Let's see it in action:
# The best and most robust way
from numpy.fft import fft, fftfreq
N = len(signal)
sampling_rate = 500
yf = fft(signal)
# The magic function!
x_pro = fftfreq(N, d=1/sampling_rate)
# The output of fftfreq is ordered for optimal computation:
# [0, f1, f2, ..., f_nyquist, ..., -f2, -f1]
# We can use np.fft.fftshift() to reorder it for plotting if we want to see the classic -fs/2 to +fs/2 view.
Using fftfreq
removes any ambiguity. It returns an array where the first half contains the positive frequencies and the second half contains the negative frequencies, in the exact order that corresponds to the output of np.fft.fft
. No more guesswork. This is the idiomatic NumPy way.
Comparison: `linspace` vs. `arange` vs. `fftfreq`
Let's summarize the options in a table.
Method | Syntax Example | Use Case | Gotcha |
---|---|---|---|
np.linspace |
linspace(0, fs, N, endpoint=False) |
Good for understanding the mechanics. Explicitly defines the interval. | You must remember endpoint=False and manually handle the negative frequency half. |
np.arange |
arange(N) * (fs / N) |
Also works for manual creation, emphasizes the step size (frequency resolution). | Can suffer from floating point errors on large ranges. Also requires manual handling of the spectrum's second half. |
np.fft.fftfreq |
fftfreq(N, d=1/fs) |
The recommended method. Purpose-built for FFTs. | The output array order (with negative frequencies at the end) can be surprising if you're not expecting it. |
Handling Nyquist and Symmetrical Spectra
As mentioned, for a real-valued input signal (which is almost always the case), the FFT spectrum is symmetrical around the DC component (0 Hz). The magnitude of the component at frequency +f
is the same as at -f
.
This is why we typically only care about and plot the first half of the FFT output, from bin 0
to N/2
. This corresponds to the frequencies from 0 Hz up to the Nyquist frequency (fs / 2
).
Pro Tip: Use `rfft` for Real Signals
Since this symmetry is guaranteed, NumPy provides an optimized set of functions for real signals: np.fft.rfft
and np.fft.rfftfreq
. These functions are faster because they only compute the first half of the spectrum (the positive frequencies), saving you both computation time and the manual step of slicing the array.

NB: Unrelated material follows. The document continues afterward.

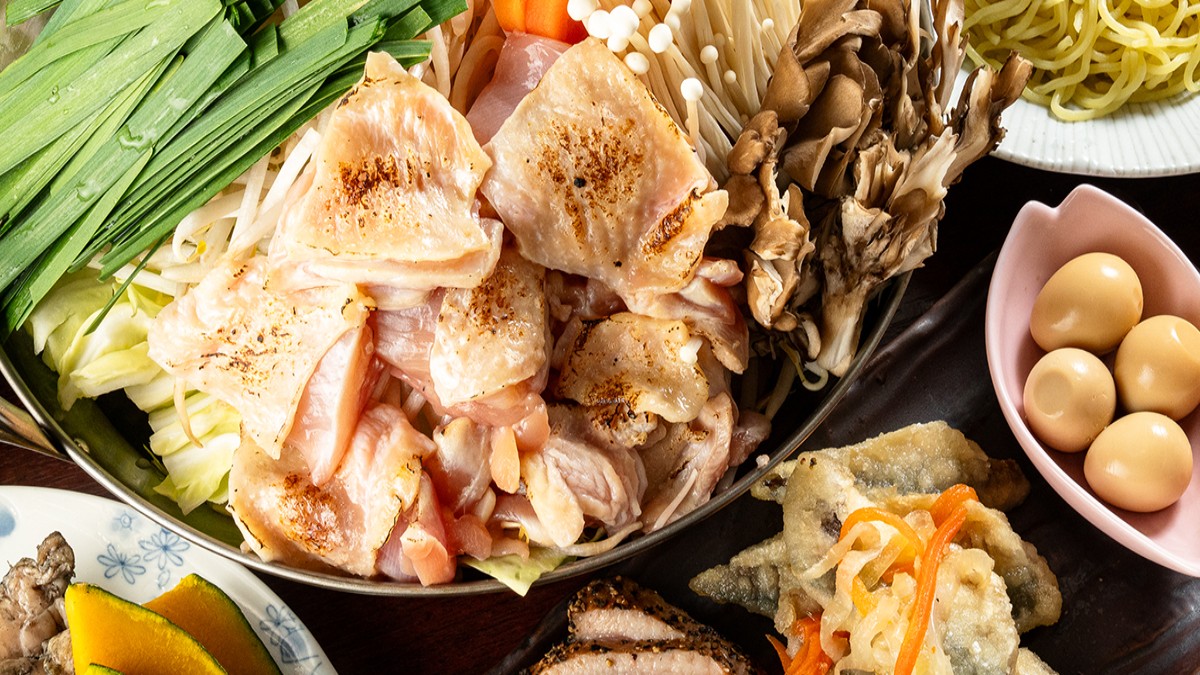 【냄비 포함 토릿쿠 코스】선택 가능한 닭전골 × 닭고기 숯불구이 총 7품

For any real-world signal analysis, these are the functions you should be using.
Conclusion: FFTs You Can Finally Trust
That nagging feeling that your FFT plots might be wrong can undermine your entire analysis. The root of the problem is almost always a misunderstanding of what the FFT returns: not frequencies, but amplitudes in bins that you must map to frequencies.
While you can build a correct frequency axis manually using np.linspace(0, sampling_rate, N, endpoint=False)

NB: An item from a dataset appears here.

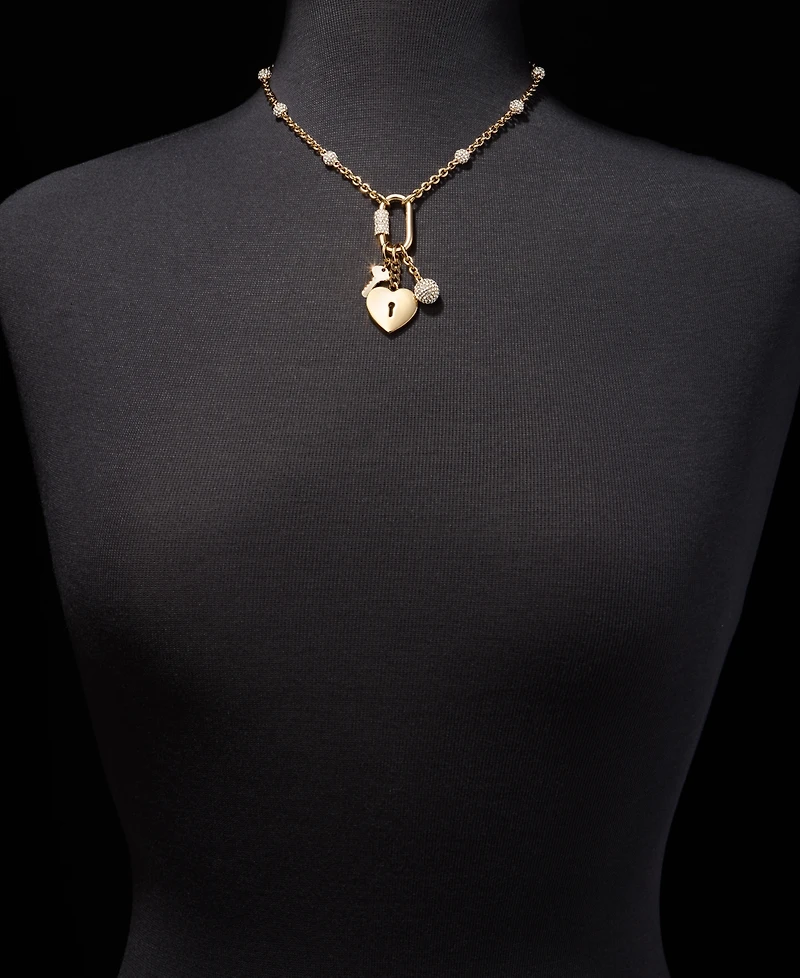 Karl Lagerfeld Paris Pave Multi-Charm Carabiner Lariat Necklace, 16" + 3" extender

, this requires careful handling of the spectrum's symmetrical nature. The most direct, reliable, and idiomatic NumPy solution is to let the library do the work for you. By embracing np.fft.fftfreq
(or np.fft.rfftfreq
for real signals), you eliminate ambiguity and ensure your results are accurate every time.
Now you can analyze your signals with confidence, knowing your frequency plots are not just beautiful—they're correct.